The more spam a user gets, the less likely he'll be to notice one innocent mail sitting in his spam folder. And strangely enough, the better your spam filters get, the more dangerous false positives become, because when the filters are really good, users will be more likely to ignore everything they catch.

I don't know why I avoided trying the statistical approach for so long. I think it was because I got addicted to trying to identify spam features myself, as if I were playing some kind of competitive game with the spammers. (Nonhackers don't often realize this, but most hackers are very competitive.) When I did try statistical analysis, I found immediately that it was much cleverer than I had been. It discovered, of course, that terms like "virtumundo" and "teens" were good indicators of spam. But it also discovered that "per" and "FL" and "ff0000" are good indicators of spam. In fact, "ff0000" (html for bright red) turns out to be as good an indicator of spam as any pornographic term.
_ _ _

Here's a sketch of how I do statistical filtering. I start with one corpus of spam and one of nonspam mail. At the moment each one has about 4000 messages in it. I scan the entire text, including headers and embedded html and javascript, of each message in each corpus. I currently consider alphanumeric characters, dashes, apostrophes, and dollar signs to be part of tokens, and everything else to be a token separator. (There is probably room for improvement here.) I ignore tokens that are all digits, and I also ignore html comments, not even considering them as token separators.

I count the number of times each token (ignoring case, currently) occurs in each corpus.
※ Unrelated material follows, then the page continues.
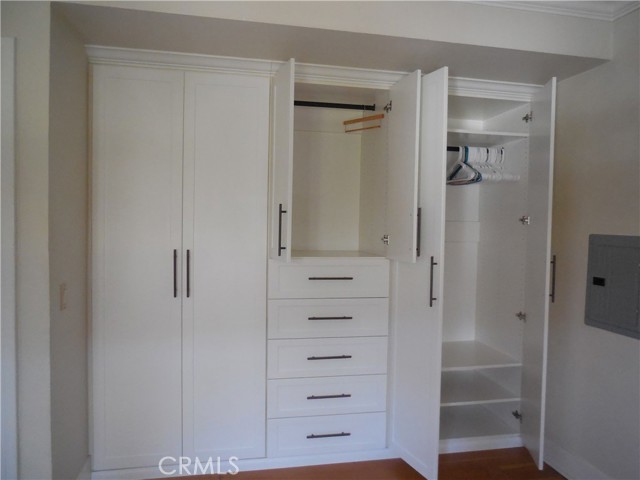 Detail Gallery Image 25 of 49 For 31462 La Matanza St, San Juan Capistrano,  CA 92675 - 3 Beds | 2/1 Baths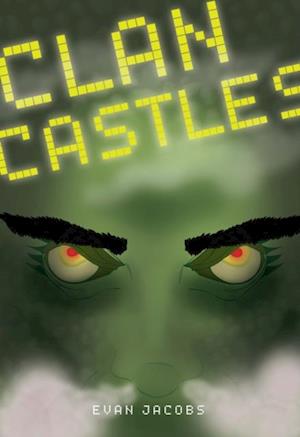 Clan Castles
At this stage I end up with two large hash tables, one for each corpus, mapping tokens to number of occurrences.

Next I create a third hash table, this time mapping each token to the probability that an email containing it is a spam, which I calculate as follows [1]:

(let ((g (* 2 (or (gethash word good) 0)))
(b (or (gethash word bad) 0)))
(unless (< (+ g b) 5)
(max .01
(min .99 (float (/ (min 1 (/ b nbad))
(+ (min 1 (/ g ngood))
(min 1 (/ b nbad)))))))))

where word is the token whose probability we're calculating, good and bad are the hash tables I created in the first step, and ngood and nbad are number of nonspam and spam messages respectively.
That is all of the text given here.